Sinergi TNI dan Pemkab Sukabumi, TMMD 2026 Targetkan Dampak Ekonomi Berkelanjutan
Sukabuminow.com || Program TNI Manunggal Membangun Desa (TMMD) ke-127 Tahun Anggaran 2026 di Desa Parakanlima, Kecamatan Cikembar, Kabupaten Sukabumi, menjadi simbol kuat sinergi pusat dan daerah dalam mendorong percepatan pembangunan desa.
Wakil Bupati Sukabumi, Andreas, mendampingi Tim Pengawasan dan Evaluasi (Wasev) Penanggung Jawab Operasional TMMD yang dipimpin Brigjen TNI Edi Yusnandar, Kamis (5/3/26). Kehadiran jajaran pemerintah daerah bersama TNI menunjukkan komitmen kolektif dalam memastikan program berjalan efektif, tepat sasaran, dan berdampak luas.
Secara nasional, TMMD merupakan instrumen strategis yang memperkuat pembangunan berbasis kewilayahan. Di Sukabumi, program ini diarahkan untuk mempercepat konektivitas desa, meningkatkan kualitas hunian masyarakat, serta memperkuat akses sanitasi dan air bersih.
Brigjen TNI Edi Yusnandar menegaskan bahwa capaian sasaran fisik dan nonfisik TMMD di Parakanlima menunjukkan hasil yang positif dan sesuai prosedur.
Beberapa program prioritas yang telah direalisasikan, meliputi pembangunan rumah tidak layak huni (Rutilahu), pembangunan dan peningkatan jalan desa, pembangunan fasilitas sanitasi (WC), hingga enyediaan sarana air bersih.
Seluruh kegiatan tersebut merupakan bagian dari program unggulan Kepala Staf Angkatan Darat (KASAD) yang bertujuan memperkuat ketahanan wilayah dari tingkat desa.
Meski terdapat dinamika di lapangan, kendala yang muncul dinyatakan dapat diatasi secara cepat melalui koordinasi lintas sektor. Target penyelesaian 100 persen pada penutupan kegiatan diyakini dapat tercapai.
Pembangunan infrastruktur desa tidak berhenti pada penyelesaian fisik semata. Keberlanjutan dan pemeliharaan menjadi kunci utama agar manfaatnya dirasakan jangka panjang.
Infrastruktur jalan desa, misalnya, membuka akses distribusi hasil pertanian dan usaha mikro. Penyediaan air bersih serta sanitasi yang layak meningkatkan kualitas kesehatan masyarakat. Sementara program Rutilahu memperkuat ketahanan sosial keluarga penerima manfaat.
Efek berganda (multiplier effect) dari pembangunan tersebut diyakini akan mendorong peningkatan produktivitas masyarakat, pertumbuhan usaha mikro dan sektor pertanian, pengurangan biaya logistik desa, hingga peningkatan nilai ekonomi wilayah.
Dengan demikian, Parakanlima tidak hanya menjadi lokasi program, tetapi model pembangunan desa berbasis kolaborasi TNI dan pemerintah daerah.

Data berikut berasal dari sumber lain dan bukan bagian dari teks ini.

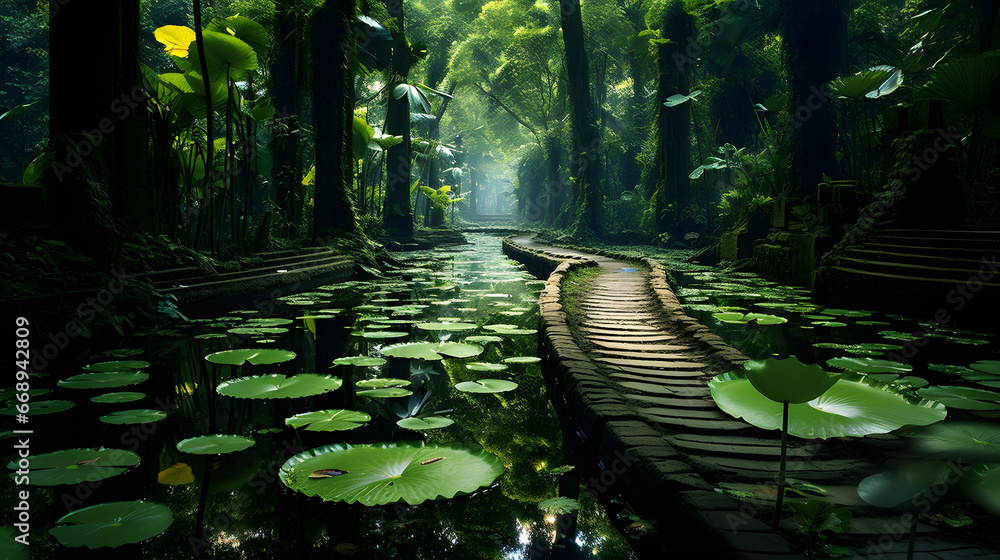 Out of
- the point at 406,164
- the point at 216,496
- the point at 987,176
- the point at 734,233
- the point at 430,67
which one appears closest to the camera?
the point at 216,496

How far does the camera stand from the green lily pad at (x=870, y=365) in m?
3.11

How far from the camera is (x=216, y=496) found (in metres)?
1.89

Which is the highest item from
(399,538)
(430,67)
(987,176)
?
(430,67)

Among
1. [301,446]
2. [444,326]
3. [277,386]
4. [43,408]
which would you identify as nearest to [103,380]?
[43,408]

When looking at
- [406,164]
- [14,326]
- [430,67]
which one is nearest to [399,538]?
[14,326]

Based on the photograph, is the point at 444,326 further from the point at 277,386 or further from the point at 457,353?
the point at 277,386

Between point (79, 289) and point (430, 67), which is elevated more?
point (430, 67)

Wakil Bupati Sukabumi, Andreas, mengapresiasi pelaksanaan TMMD yang dinilai berjalan tertib, terarah, dan berdampak nyata bagi masyarakat.
“Pemerintah Kabupaten Sukabumi memandang TMMD sebagai bagian dari strategi percepatan pembangunan daerah yang selaras dengan agenda pembangunan nasional,” ujarnya.
Menurutnya, program ini harus benar-benar memberikan manfaat konkret bagi masyarakat, khususnya dalam mendorong akselerasi pembangunan dan pertumbuhan ekonomi warga Desa Parakanlima.
Wabup juga menekankan pentingnya menjaga kesinambungan kolaborasi antara TNI dan pemerintah daerah agar pembangunan desa tidak bersifat parsial, melainkan berkelanjutan dan terukur.